Last Update:
Packing Bools, Performance tests
Table of Contents
Imagine you have an array of booleans (or an array of ‘conditions’), and you want to pack it - so you use only one bit per boolean. How to do it? Let’s do some experiments!
Updated: 8th May 2017
Read the second part here and also one update.
Motivation
I started writing this post because I came across a similar problem during my work some time ago. The code in one area of our system packed boolean results of a condition into bits. I wondered if I could optimize that process. This ‘algorithm’ is not a rocket science, but as usually, it opened a whole box of details and interesting solutions. So I decided to share it with my readers.
To illustrate the problem, we might think about an image in greyscale. We want to generate another image that has only two colors: white or black; we use a threshold value to distinguish between white and black color from the input image.
outputColor[x][y] = inputColor[x][y] > Threshold;
The input has some integer range (like 0…255), but the output is boolean: true/false.
Like here, image thresholding:
Then we want to pack those boolean values into bits so that we save a
lot of memory. If bool
is implemented as 8bit unsigned char, then we
can save 7/8 of memory!
For example, instead of using 128kb for 256x512 greyscale image, we can now use 16kb only.
256 X 512 = 131072 (bytes) = 128kb
131072/8 = 16384 (bytes) = 16kb
Should be simple to code… right?
The algorithm
To make things clear let’s make some initial assumptions:
- input:
- array of integer values
- length of the array: N
- threshold value
- output:
- array of BYTES of the length M
- M - number of bytes needed to write N bits
- i-th bit of the array is set when inputArray[i] > threshold.
Brief pseudo code
for i = 0...N-1
byte = pack (input[i] > threshold,
input[i+1] > threshold,
...,
input[i+7] > threshold)
output[i/8] = byte
i+=8
// handle case where N not divisible by 8
Alternatively, we might remove the threshold value and just take input array of booleans (so there won’t be any need to make comparisons).
Drawbacks of packing
Please note that I only focused on the ‘packing’ part. With the packed format you save memory, but there are more instructions to unpack a value. Sometimes this additional processing might cause the slow-down of the whole process! Always measure measure measure because each case might be different!

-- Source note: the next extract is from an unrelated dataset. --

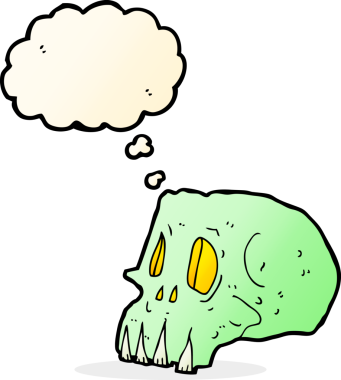 Bir insan tarafından çizilmiş düşünce baloncuklu garip kafatası.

This problem is similar to compression algorithms, although packing is usually much faster process. As always, there’s a conflict between the storage and the computation power (Space–time tradeoff).
The benchmark
I want to compare several implementations:
- the baseline: no packing: just store boolean values
- std::bitset
- std::vector of bools
- one ‘manual’ version
- second ‘manual’ version
- threshold value: 127 so we’ll get 50% of chances to get
true
andtrue
.
Plus, the next time we’ll also add parallel options…
For the benchmarking library, I decided to use Celero. You can find more details about using it in my post about Benchmarking Libs for C++.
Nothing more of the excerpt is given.